• WORK REQUEST
Only the lines below starting at the one containing "VENTILADOR ROMA 80W BLANCO CCT 1320Ø" and ending at the one containing "Work has started" belong in the answer, each copied exactly.
═════ SOURCE INFORMATION
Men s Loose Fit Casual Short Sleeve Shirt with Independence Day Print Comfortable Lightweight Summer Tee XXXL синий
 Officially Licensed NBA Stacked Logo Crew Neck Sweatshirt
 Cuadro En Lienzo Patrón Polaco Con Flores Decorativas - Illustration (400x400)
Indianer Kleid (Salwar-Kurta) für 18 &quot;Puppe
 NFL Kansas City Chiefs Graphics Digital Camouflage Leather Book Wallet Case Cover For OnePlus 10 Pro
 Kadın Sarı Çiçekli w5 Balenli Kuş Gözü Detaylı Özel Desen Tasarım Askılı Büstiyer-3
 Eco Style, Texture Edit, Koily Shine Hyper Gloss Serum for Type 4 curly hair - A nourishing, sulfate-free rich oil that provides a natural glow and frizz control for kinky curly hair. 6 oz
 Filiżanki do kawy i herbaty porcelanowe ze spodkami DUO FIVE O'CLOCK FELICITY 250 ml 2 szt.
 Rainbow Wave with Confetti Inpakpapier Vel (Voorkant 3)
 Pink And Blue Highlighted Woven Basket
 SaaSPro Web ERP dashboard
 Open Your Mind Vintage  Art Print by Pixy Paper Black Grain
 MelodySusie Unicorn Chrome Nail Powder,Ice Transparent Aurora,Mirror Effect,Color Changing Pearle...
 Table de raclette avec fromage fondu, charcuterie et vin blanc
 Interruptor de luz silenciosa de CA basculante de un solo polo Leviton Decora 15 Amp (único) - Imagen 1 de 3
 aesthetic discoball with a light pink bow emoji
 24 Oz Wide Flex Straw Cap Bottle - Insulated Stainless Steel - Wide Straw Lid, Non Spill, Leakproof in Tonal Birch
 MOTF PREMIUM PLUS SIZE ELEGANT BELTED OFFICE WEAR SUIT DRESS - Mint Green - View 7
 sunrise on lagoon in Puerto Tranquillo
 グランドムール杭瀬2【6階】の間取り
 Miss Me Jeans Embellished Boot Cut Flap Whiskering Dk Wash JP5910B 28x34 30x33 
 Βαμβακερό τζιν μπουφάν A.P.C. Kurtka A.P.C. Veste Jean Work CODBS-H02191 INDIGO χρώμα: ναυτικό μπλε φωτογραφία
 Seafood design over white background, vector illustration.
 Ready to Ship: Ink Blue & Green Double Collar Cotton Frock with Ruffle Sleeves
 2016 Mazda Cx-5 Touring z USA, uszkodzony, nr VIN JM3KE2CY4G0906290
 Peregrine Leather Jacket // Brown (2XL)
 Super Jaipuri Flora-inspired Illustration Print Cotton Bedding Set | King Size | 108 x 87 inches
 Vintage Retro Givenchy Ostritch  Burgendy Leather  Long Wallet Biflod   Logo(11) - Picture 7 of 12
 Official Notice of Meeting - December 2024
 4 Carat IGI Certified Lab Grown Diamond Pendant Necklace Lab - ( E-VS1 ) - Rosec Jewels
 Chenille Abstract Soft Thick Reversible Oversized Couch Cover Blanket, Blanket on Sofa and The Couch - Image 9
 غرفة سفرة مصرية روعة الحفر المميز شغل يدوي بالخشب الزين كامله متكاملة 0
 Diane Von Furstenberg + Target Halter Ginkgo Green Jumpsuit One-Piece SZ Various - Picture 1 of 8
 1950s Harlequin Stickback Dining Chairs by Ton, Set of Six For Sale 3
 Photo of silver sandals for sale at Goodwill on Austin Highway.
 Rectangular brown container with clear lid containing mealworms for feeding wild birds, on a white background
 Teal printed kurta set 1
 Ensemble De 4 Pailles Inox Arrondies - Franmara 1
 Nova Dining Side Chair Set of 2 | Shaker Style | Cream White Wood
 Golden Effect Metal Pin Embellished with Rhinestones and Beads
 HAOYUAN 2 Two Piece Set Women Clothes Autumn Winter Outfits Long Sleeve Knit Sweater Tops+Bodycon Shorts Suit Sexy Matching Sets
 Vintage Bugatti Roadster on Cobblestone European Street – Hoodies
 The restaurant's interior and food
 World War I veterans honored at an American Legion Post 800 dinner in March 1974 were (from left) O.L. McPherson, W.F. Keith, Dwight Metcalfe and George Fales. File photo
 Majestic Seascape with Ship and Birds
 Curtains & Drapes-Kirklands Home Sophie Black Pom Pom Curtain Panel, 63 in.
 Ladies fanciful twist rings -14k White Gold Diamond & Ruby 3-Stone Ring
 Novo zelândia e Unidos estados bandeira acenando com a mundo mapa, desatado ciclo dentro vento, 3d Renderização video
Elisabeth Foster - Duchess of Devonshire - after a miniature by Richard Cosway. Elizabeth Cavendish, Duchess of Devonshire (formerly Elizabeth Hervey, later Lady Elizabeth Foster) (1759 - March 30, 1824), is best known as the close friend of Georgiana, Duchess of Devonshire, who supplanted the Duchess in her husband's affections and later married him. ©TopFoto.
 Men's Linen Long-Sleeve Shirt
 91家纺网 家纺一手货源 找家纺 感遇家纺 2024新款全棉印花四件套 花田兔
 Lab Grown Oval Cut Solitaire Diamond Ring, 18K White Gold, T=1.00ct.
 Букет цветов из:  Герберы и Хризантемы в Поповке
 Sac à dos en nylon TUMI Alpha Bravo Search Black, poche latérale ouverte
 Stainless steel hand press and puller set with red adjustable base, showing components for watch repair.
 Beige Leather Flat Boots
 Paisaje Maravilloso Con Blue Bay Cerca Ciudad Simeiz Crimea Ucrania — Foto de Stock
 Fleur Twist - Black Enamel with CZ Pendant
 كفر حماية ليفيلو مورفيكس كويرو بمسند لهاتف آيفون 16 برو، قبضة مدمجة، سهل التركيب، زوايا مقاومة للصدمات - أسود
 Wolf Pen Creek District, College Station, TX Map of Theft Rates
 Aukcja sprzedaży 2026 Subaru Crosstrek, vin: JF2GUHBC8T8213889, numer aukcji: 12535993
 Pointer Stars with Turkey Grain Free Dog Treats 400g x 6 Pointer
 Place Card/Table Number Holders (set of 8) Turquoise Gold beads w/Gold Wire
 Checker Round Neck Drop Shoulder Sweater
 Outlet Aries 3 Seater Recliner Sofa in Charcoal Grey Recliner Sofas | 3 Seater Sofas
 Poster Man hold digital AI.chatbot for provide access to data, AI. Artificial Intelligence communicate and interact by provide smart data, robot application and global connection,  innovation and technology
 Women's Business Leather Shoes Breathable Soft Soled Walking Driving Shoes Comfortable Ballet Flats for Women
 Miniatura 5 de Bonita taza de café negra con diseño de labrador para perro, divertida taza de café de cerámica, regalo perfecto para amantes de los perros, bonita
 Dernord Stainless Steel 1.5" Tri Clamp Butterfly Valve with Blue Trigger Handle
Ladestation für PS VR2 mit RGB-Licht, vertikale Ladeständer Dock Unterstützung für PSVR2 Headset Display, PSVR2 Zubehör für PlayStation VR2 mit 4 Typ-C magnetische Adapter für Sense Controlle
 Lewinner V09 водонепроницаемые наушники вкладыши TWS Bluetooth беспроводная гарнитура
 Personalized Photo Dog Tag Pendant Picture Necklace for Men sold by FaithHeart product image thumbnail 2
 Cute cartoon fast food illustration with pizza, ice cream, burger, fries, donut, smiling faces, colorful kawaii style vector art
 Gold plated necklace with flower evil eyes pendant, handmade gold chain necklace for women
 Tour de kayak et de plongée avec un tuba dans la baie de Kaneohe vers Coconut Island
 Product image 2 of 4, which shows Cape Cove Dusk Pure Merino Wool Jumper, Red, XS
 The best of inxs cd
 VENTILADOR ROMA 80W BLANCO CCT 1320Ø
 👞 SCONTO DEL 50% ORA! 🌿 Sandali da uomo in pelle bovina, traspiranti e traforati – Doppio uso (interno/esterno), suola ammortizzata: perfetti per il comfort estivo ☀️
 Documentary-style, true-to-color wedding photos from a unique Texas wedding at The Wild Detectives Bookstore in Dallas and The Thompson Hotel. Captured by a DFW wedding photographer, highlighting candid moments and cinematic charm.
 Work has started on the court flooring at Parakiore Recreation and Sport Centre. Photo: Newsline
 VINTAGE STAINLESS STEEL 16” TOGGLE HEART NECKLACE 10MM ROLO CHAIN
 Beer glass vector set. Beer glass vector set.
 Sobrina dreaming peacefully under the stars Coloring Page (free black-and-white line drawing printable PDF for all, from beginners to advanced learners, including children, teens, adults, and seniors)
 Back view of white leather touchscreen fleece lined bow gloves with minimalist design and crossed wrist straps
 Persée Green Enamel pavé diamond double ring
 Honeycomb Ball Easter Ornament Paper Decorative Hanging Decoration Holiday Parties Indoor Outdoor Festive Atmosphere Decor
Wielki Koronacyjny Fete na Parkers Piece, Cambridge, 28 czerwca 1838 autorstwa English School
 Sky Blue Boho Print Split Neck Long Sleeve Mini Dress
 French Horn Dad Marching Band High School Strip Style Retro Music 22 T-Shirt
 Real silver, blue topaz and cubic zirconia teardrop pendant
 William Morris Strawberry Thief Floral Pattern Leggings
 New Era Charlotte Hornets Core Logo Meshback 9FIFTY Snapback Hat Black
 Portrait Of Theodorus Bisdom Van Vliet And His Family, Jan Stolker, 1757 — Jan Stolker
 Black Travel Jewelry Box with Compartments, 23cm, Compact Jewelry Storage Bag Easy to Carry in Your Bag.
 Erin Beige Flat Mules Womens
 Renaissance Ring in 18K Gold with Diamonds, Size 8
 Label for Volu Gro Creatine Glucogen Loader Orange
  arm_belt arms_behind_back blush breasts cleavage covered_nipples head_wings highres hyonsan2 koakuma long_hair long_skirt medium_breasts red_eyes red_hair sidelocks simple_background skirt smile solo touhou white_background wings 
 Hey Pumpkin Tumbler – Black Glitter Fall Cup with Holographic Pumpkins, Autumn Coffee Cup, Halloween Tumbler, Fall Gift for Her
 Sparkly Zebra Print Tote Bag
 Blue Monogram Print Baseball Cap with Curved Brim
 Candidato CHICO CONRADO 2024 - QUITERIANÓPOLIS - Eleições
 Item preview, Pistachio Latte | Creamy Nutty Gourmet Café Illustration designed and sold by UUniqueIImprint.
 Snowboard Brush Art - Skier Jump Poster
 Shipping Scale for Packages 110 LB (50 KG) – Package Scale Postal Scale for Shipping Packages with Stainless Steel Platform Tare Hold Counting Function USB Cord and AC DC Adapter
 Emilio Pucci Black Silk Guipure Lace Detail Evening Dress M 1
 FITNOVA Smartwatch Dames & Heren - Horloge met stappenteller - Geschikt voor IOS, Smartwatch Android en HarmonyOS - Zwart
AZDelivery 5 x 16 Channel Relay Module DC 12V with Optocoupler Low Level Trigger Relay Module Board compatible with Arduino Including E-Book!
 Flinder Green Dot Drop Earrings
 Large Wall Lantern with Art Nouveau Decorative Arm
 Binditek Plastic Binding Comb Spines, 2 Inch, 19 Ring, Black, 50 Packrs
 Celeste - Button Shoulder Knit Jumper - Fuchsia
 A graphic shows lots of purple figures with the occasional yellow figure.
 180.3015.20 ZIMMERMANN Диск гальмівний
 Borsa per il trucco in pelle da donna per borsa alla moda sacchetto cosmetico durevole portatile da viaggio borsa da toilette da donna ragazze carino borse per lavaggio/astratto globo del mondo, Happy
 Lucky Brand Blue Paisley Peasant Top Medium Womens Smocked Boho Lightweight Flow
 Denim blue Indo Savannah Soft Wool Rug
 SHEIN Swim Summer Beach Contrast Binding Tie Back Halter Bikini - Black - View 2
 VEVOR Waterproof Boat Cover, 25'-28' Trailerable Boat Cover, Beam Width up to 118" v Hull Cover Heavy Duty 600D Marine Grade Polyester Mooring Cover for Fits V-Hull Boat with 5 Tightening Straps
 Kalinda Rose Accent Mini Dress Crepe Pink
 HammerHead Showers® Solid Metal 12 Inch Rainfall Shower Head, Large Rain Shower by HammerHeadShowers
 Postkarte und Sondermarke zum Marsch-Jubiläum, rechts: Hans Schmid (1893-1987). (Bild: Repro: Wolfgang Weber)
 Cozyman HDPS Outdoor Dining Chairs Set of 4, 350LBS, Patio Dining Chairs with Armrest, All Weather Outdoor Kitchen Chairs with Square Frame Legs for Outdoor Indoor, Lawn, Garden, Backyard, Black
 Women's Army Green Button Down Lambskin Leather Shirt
══════════
• SOLUTION FOR THIS PROBLEM
 VENTILADOR ROMA 80W BLANCO CCT 1320Ø
 👞 SCONTO DEL 50% ORA! 🌿 Sandali da uomo in pelle bovina, traspiranti e traforati – Doppio uso (interno/esterno), suola ammortizzata: perfetti per il comfort estivo ☀️
 Documentary-style, true-to-color wedding photos from a unique Texas wedding at The Wild Detectives Bookstore in Dallas and The Thompson Hotel. Captured by a DFW wedding photographer, highlighting candid moments and cinematic charm.
 Work has started on the court flooring at Parakiore Recreation and Sport Centre. Photo: Newsline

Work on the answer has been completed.